We must also ensure that we have high-quality vegetable production. Where we can produce organic vegetables, we should; where we can produce vegetables with fewer pesticides and fungicides, we should. We must be very positive about a food policy. I am worried that in the recent Command Paper on health and harmony, the only real talk of food production was very much at the high end. The high end of food production is great—from local restaurants, to tourists buying food and to everything linked to the countryside. However, we also need affordable food that the whole population can eat.

At least 90% of our food business goes through our major retailers, and people often buy on price. As we move forward, we have to be assured that our vegetable production not only is of good quality, with high welfare standards, but comes at a price that the average consumer can afford to—and will—pay. Whatever we buy in life, it is a choice, so not only do we want to have good, high standards, but it needs to be affordable.

We have a managed landscape with many natural features, as I said. The onus is on the Government to engage more closely with the industry to provide the food and farming sector with greater clarity. Tit-for-tat tariffs will do more harm than good—just look at the situation in America. The Americans have started putting tariffs on steel and aluminium. That might well help the steel and aluminium industries in America, but it will drive costs up for the industries in America that need to use those products. Food, a commodity and a manufactured product, does not need tariffs on it. In the end, that will only create more costs and could well lead to higher prices to consumers. I do not believe that those tariffs will ever come back to the producer.

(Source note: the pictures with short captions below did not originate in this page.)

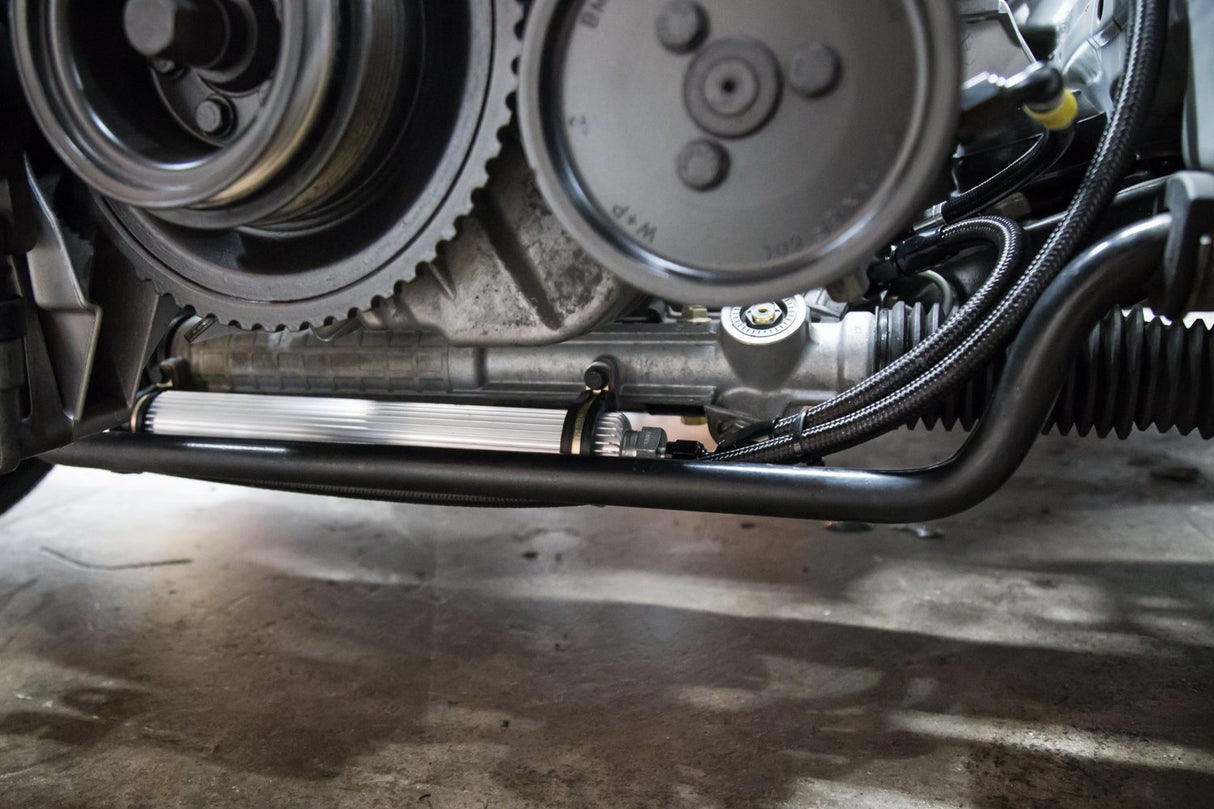 CHASE BAYS Servolenkung Kit passend für BMW E46 mit 1JZ-GTE | 2JZ-GTE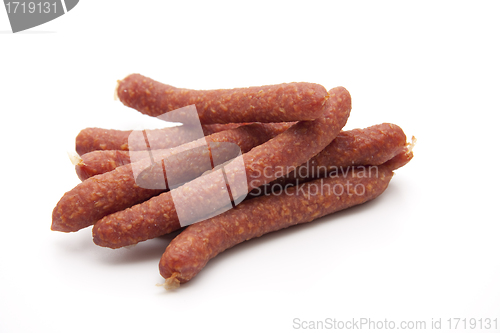 Image of Bologne sausage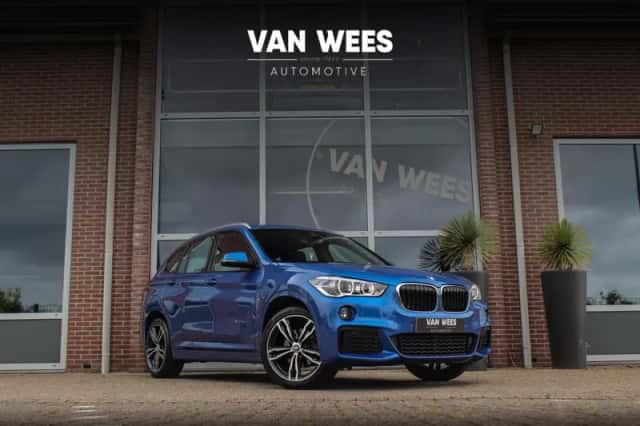 BMW X1 (2017) thumbnail 1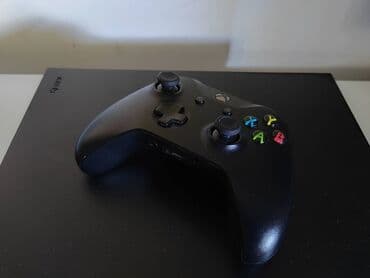 roux laserski epilator cena: XBOX One X 1Tb Prodajem Xbox One X konzolu, polovna, vrlo malo — 4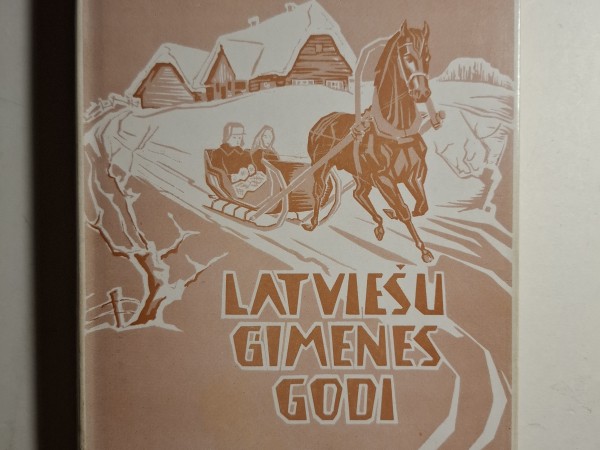 Latviešu ģimenes godi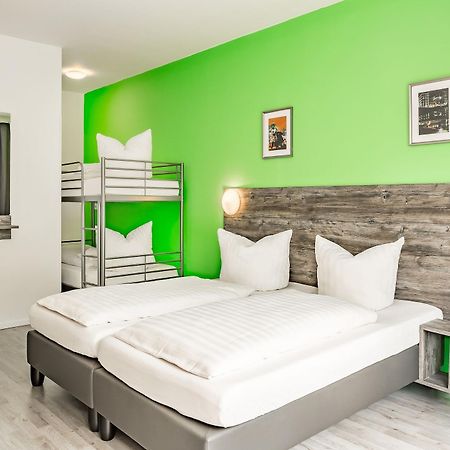 Alecsa Hotel Am Olympiastadion Berlin Ngoại thất bức ảnh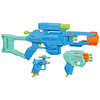 Pack tactique 3 pistolets Nerf Elite 2.0
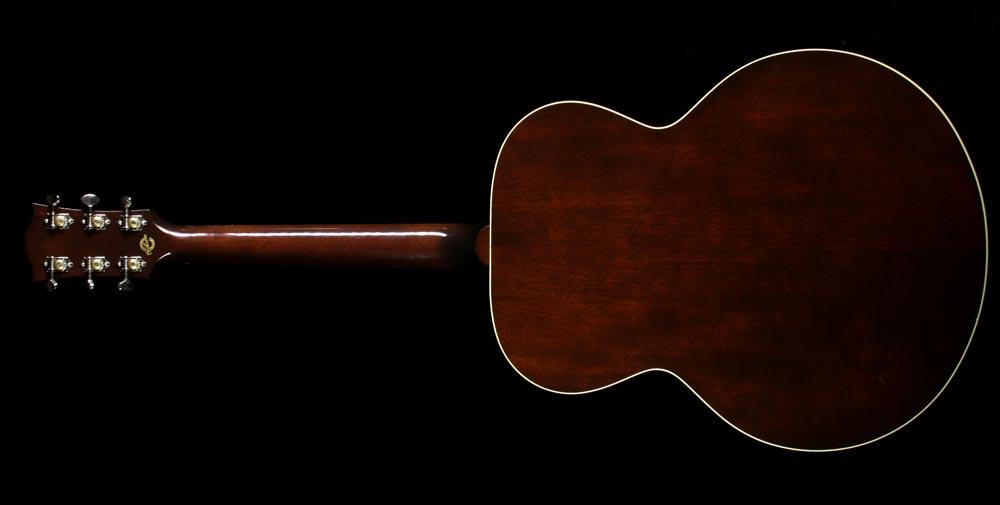 Gibson SJ 100: un classico in versione speciale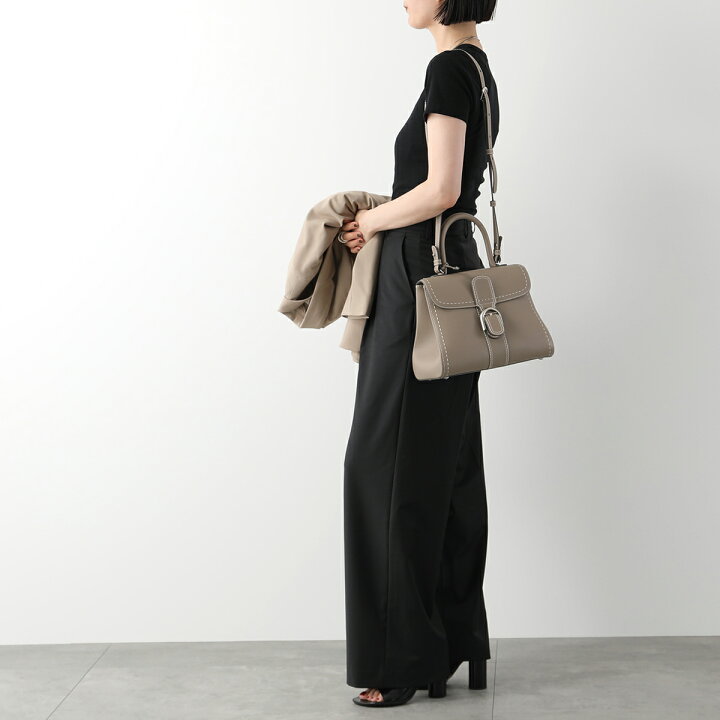 楽天市場】DELVAUX デルヴォー ハンドバッグ Brillant ブリヨン MM S  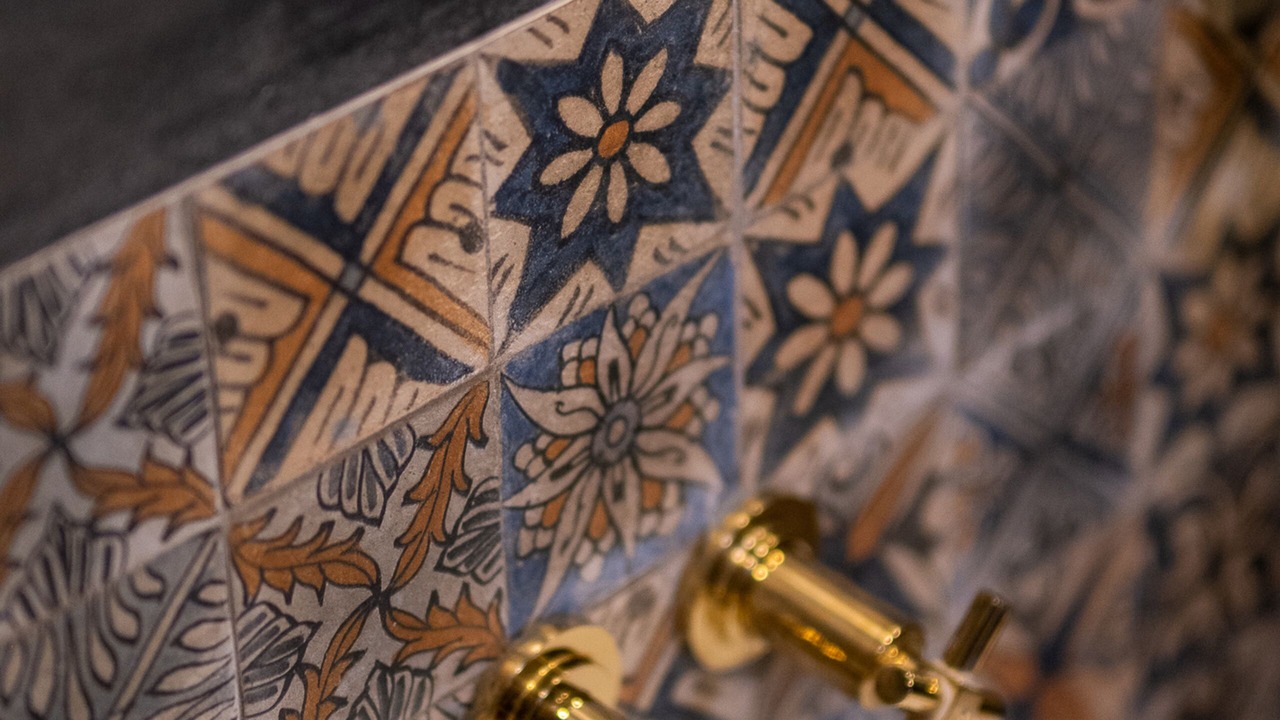 Photo of Bathroom in Bozcaada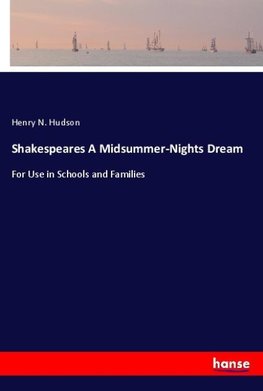 Shakespeares A Midsummer-Nights Dream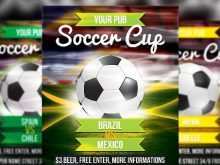 70 Report Free Soccer Flyer Template Layouts with Free Soccer Flyer Template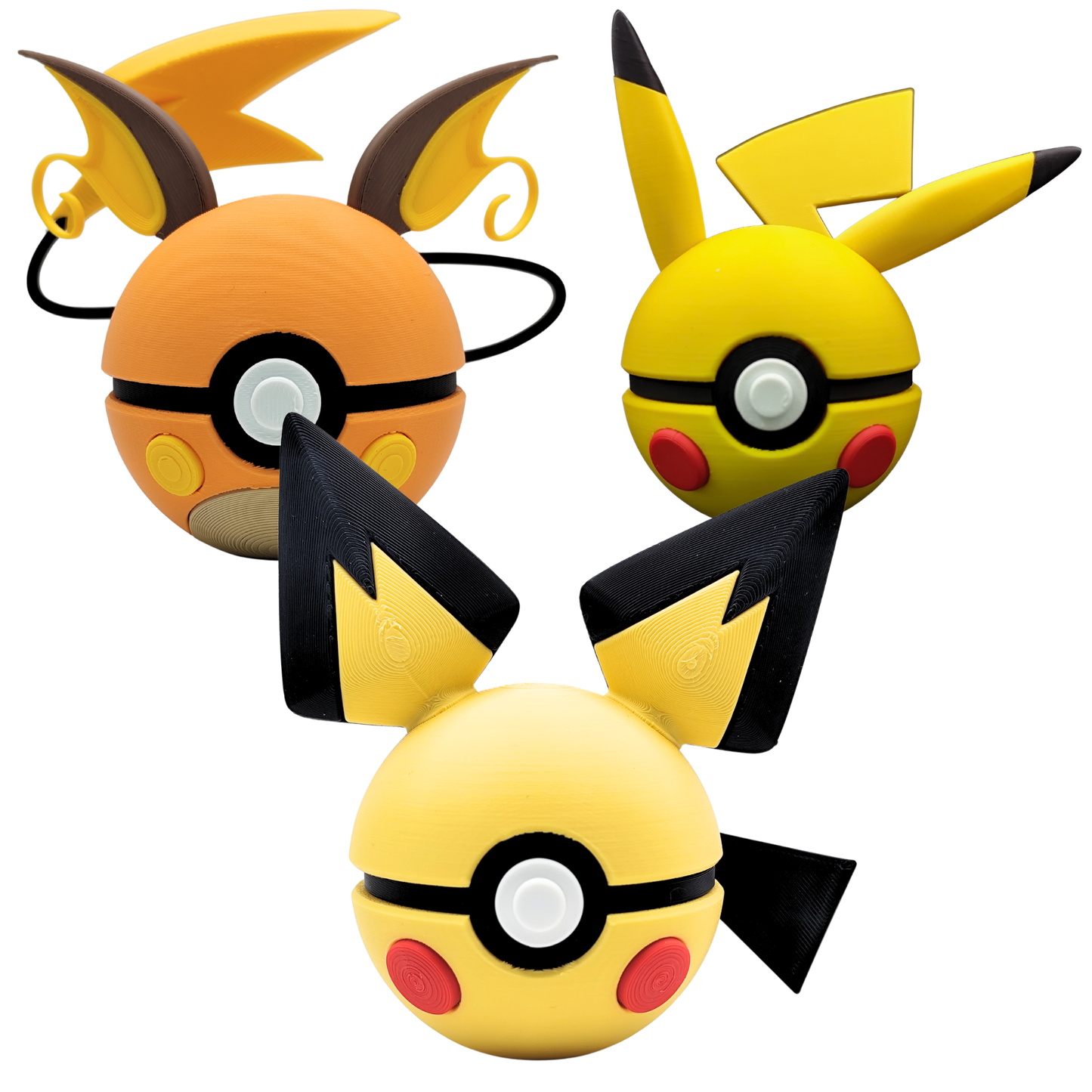 Pack evoluciones Pichu
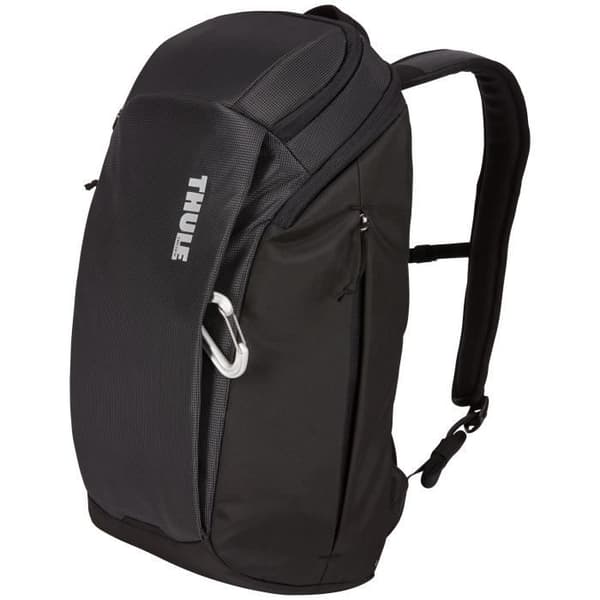 Reppu - Thule - EnRoute Medium - Musta - 33 cm (13") - 20 L - Unisex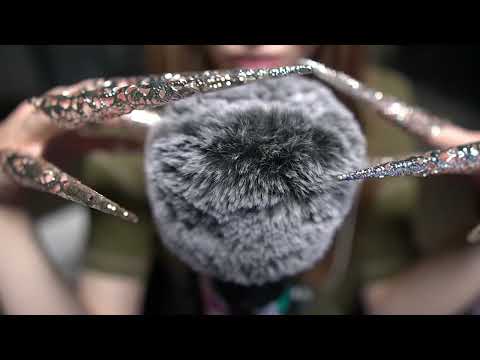 Up Close and Sensitive ASMR (Max Gain) Blue Yeti/3dio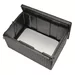 Plaque chauffante Ã©lectrique pour conteneurs EPP GN 1/1 et 600 x 400mm Cambro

It is imperative that we have a farming-focused free trade agreement with Europe. I repeat what has been said day in and day out in this House: two years since the referendum, all sectors—not just the farming sector— need some clarity on the direction in which we are going. People in all lines of business need to make investments, but those in the beef and dairy sectors in particular need to have a long-term view of where the world is going in order to make investments.